Every woman is at heart a matchmaker. Eve yielded, and accepted Sefton’s invitation for five o’clock tea and a little music.

“Shall you have any singing?” she asked, with a sudden fear of meeting Signora Vivanti.

No—there would be no singing.

“I only asked the American banjo man to amuse you,” said Mr. Sefton. “He is a capital fellow, and he does the most wonderful things with his banjo. He is a Paganini among banjoists. That, with the inevitable piano, will be more than enough music.”

The afternoon, at the end of a brilliant July, was delightful, and the Embankment, with its red-brick palaces and its little bit of old Chelsea, looked just the one perfect place in which to live; to live an idle, artistic life, bien intendu, and bask in sunshine reflected from blue water. The tide was at the flood, the gardens were full of gaudy July flowers.

“How horrid Fernhurst will be after this!” sighed Sophy. “What a lucky man Mr. Sefton is to have a house in Tite Street, as well as the Manor!”

“Ah, but it is only a bachelor den, remember,” said Eve. “He will do away with it when he marries.”

“Not if his wife has any sense—unless she makes him change it for a larger house facing the river.”

Mr. Sefton’s house was near the corner, and commanded a sidelong view of the Thames from all the front windows, and a still better view from an oriel in the library, which projected so as to rake the street. Sophy thought this small house in Tite Street, with its rich and sombre furniture and subdued colouring, one of the most enchanting houses she had ever entered, second only to the Manor House, which she had seen some years before on the never-to-be-forgotten occasion of a Primrose League garden-party given by Mr. Sefton in the interests of the cause. The Manor House and its splendours of art, its old gardens, and antique furniture, were the growth of centuries, and owed their existence to Seftons who were dust. This twelve-roomed house in Tite Street was an emanation of the man himself. His temperament, his education, his tastes were all embodied here. This was the pleasure dome which he had built for himself—this was his palace of art.

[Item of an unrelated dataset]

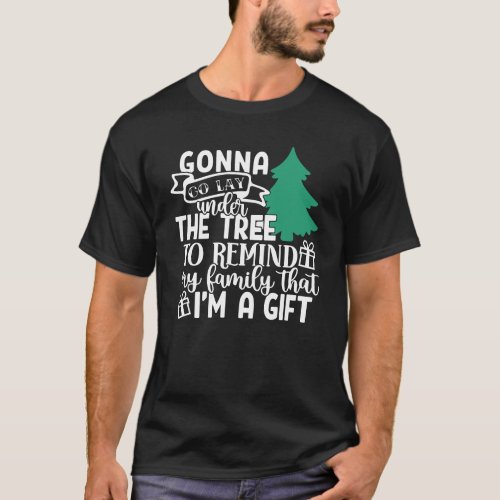 Gonna Lay Under The Tree Because Im a Gift  Cute T_Shirt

She went about peeping and peering at everything, escorted by Mr. Tivett, who expatiated and explained to his heart’s content, pointing out the workmanship which made a mahogany table as precious as jasper or ivory; the artistic form of those high-backed chairs, copied from an old French model; the Gobelin tapestry, which had neither the glow nor sheen of silken fabrics, and yet was six times as costly.